O Grupo PSA está de olho em empresas com quem possa fazer uma parceria, ou até mesmo comprar e fazer uma fusão. Uma das fabricantes que estavam na mira era a Fiat-Chrysler, negócio que teria sido aprovado até pela família Peugeot. Só que, de acordo com o The Wall Street Journal, a FCA não está interessada em fazer negócios com a empresa francesa e que as conversas foram encerradas.

Segundo a reportagem do WSJ, o Grupo PSA terá procurado a Fiat-Chrysler no início deste ano para conversar sobre a possibilidade de uma união, que foi rejeitada. Os executivos da FCA não gostaram da ideia porque iria aumentar sua exposição na Europa, um mercado que já é maduro e onde ambas tem uma participação forte. O intuito da PSA era encontrar uma fabricante que tivesse força nos Estados Unidos e outros mercados fora do Velho Continente.

Outro motivo para a rejeição da FCA seria a forma como o negócio seria feito. Como a PSA ainda está ajustando o caixa após a compra da Opel, a ideia da empresa era oferecer ações, algo que não agradou a família Agnelli, a maior acionista da FCA.

Apesar do resultado da conversa entre as duas fabricantes, ambas continuam abertas para parcerias com outras marcas. A PSA estaria considerando uma cooperação com a General Motors, aproveitando que o negócio pela Opel foi bem sucedido, e ainda estaria de olho na Jaguar Land Rover – que passa por um momento delicado.

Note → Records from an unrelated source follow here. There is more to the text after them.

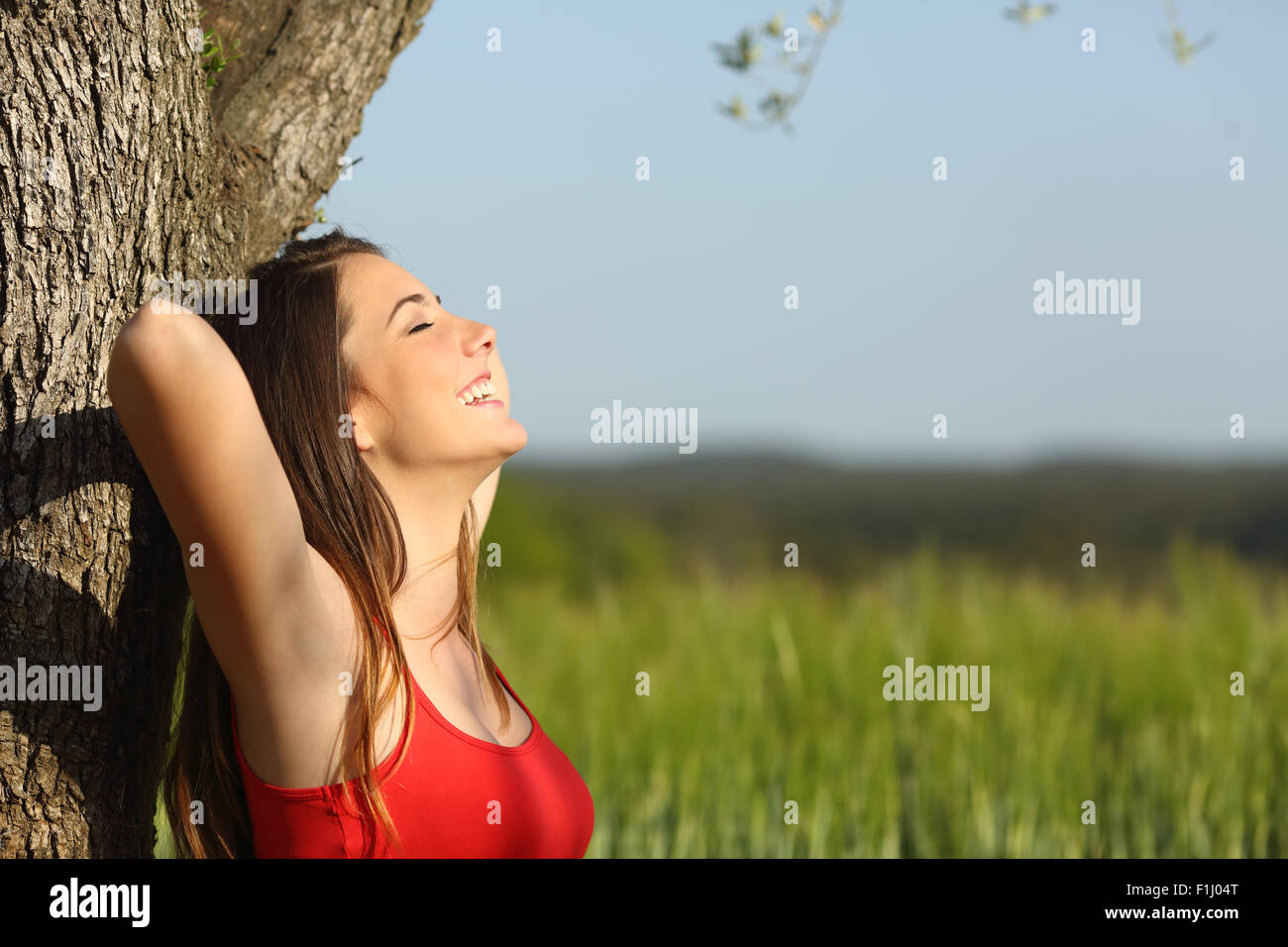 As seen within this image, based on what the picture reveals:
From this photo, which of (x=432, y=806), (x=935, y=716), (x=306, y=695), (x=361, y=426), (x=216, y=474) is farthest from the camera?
(x=935, y=716)

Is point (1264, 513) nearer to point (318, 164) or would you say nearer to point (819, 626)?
point (819, 626)

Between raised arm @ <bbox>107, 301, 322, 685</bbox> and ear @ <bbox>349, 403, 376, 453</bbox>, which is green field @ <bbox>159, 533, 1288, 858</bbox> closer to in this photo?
ear @ <bbox>349, 403, 376, 453</bbox>

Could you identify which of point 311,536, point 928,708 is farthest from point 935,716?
point 311,536

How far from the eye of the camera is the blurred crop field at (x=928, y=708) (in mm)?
3910

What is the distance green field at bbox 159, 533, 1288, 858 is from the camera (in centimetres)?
391

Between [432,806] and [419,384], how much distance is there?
689 millimetres

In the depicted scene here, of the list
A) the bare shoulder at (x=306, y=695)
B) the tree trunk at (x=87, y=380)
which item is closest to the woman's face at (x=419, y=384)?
the bare shoulder at (x=306, y=695)

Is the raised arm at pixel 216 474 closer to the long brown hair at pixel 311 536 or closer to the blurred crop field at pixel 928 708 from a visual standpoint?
the long brown hair at pixel 311 536

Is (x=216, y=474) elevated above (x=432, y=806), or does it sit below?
above

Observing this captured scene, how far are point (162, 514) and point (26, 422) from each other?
26cm

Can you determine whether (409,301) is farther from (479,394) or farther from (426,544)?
(426,544)

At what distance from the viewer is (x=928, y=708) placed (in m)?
4.57

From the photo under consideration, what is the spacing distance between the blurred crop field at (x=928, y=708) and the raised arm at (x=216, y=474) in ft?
2.75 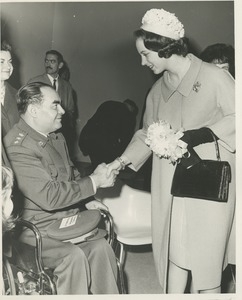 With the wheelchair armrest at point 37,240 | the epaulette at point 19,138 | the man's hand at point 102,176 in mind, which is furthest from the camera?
the man's hand at point 102,176

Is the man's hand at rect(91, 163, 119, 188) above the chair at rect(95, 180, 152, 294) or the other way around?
above

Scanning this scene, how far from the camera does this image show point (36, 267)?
1648 mm

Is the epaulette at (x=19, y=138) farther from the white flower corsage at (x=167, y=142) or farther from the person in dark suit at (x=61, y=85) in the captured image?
the white flower corsage at (x=167, y=142)

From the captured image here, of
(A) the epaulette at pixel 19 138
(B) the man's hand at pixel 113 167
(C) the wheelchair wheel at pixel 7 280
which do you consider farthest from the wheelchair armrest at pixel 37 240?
(B) the man's hand at pixel 113 167

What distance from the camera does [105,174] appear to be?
1.83m

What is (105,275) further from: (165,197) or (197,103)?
(197,103)

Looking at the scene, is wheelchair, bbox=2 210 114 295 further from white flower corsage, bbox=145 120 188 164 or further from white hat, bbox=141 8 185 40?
white hat, bbox=141 8 185 40

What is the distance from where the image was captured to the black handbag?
61.2 inches

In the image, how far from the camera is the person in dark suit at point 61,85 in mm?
1914

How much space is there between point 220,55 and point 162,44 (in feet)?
1.70

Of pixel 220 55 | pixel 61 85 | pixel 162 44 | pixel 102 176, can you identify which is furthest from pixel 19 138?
pixel 220 55

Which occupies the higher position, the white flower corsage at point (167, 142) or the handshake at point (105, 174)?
the white flower corsage at point (167, 142)

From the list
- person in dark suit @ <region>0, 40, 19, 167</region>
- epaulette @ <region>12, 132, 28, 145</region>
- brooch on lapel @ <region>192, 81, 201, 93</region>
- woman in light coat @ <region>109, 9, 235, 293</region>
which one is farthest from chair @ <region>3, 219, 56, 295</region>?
brooch on lapel @ <region>192, 81, 201, 93</region>

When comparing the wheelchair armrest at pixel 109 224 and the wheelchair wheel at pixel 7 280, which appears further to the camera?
the wheelchair armrest at pixel 109 224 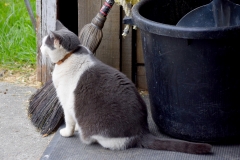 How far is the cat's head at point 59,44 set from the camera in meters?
2.98

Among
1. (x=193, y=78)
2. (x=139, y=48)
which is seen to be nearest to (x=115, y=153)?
(x=193, y=78)

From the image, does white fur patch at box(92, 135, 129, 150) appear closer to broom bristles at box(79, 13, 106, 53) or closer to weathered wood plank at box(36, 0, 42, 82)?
broom bristles at box(79, 13, 106, 53)

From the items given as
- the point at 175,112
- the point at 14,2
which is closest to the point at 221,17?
the point at 175,112

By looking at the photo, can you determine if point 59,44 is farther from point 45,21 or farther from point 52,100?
point 45,21

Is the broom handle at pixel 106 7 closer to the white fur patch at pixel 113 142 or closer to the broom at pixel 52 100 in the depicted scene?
the broom at pixel 52 100

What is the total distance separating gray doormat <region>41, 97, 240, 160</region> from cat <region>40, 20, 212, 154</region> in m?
0.04

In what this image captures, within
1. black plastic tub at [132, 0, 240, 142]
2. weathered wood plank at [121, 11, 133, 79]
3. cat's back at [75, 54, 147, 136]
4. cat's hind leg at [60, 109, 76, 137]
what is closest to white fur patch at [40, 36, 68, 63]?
cat's back at [75, 54, 147, 136]

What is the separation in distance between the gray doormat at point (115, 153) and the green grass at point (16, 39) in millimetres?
1406

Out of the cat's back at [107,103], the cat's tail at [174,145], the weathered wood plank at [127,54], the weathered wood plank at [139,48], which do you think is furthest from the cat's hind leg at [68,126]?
the weathered wood plank at [139,48]

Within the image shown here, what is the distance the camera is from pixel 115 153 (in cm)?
307

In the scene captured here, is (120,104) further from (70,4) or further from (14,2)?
(14,2)

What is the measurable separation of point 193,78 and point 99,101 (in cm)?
58

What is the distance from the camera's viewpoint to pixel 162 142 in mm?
3049

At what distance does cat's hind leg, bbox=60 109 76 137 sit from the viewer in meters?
3.17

Já a Fiat-Chrysler não se opõe a negócios que poderiam fortalecer a fabricante. Sergio Marchionne, falecido CEO da Fiat, sempre defendeu que a FCA deveria se unir a outra montadora, pois acreditava que o mercado caminha para uma redução na quantidade de empresas. Mike Manley, sucessor de Marchionne, defende que a empresa deve  buscar parceiros, seja em joint-venture ou outras formas de negócio.